Friday, March 22, 2019

Apollo 11 (The Movie)

Last year, it was Ryan Gosling playing Neil Armstrong in First Man – reviewed here last November at https://rfrancocsp.blogspot.com/2018/11/first-man-movie.html.

In this new documentary, however, Neil Armstrong plays himself (as does everyone else in the story). Apollo 11 uses real footage from that 1969 NASA Moon Mission. Besides camera footage from the moon itself, we get to watch the crowds (both VIPs and ordinary people) gathering to watch the launch and the reception of the astronauts on their return. For those of us above a certain age, the story is familiar, well remembered for the exciting event it was. I was 21 and had spent that summer Sunday afternoon at the beach at Far Rockaway with some friends. but we were back on the "A" train and home just in time to watch the TV coverage of the actual touchdown by the lunar module on the moon's surface. Later we watched as Armstrong took his famous "giant leap for mankind." 

It is perhaps hard to explain to a post-modern world, which has lost  a sense of excitement or engagement with great public purposes beyond one’s own narrow and immediate interests, the excitement that space exploration had for my generation, but exciting it most certainly was - and not just because we were beating the Russians (although that too was very important at the time).
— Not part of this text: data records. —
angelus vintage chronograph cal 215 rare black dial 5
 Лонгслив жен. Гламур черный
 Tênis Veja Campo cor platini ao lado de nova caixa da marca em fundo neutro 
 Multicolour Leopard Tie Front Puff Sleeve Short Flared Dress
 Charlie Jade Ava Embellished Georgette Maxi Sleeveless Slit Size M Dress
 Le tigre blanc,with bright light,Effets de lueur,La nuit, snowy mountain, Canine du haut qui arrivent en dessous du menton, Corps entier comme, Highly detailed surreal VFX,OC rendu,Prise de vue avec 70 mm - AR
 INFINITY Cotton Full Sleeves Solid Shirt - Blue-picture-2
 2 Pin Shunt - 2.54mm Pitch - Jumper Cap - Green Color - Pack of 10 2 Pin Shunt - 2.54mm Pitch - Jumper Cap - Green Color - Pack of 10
Stylistically, this is a very much in the moment documentary. It lacks the looking backward commentary we are so used to hearing in such documentaries. It lets the event speak for itself - 8 well documented days in 93 amazing cinematic minutes - including hitherto unseen footage from the time. What commentary we do get was  in effect part of the event itself, commentary that accompanied the event at the time - including even some of the on-air words of that era's most familiar spokesman, anchorman Walter Cronkite. Hearing his voice again after all these years only adds to the authenticity of the portrayal.

We know the story already and how it ends, of course. We won't be surprised so much as awed - awed by the amazingly audacious ambition that underlay the event and the human and technological know-how that made it possible. We may come away grateful that human beings can aspire and accomplish so much - and saddened by how thoroughly diminished more recent generations' ambitions and aspirations have become.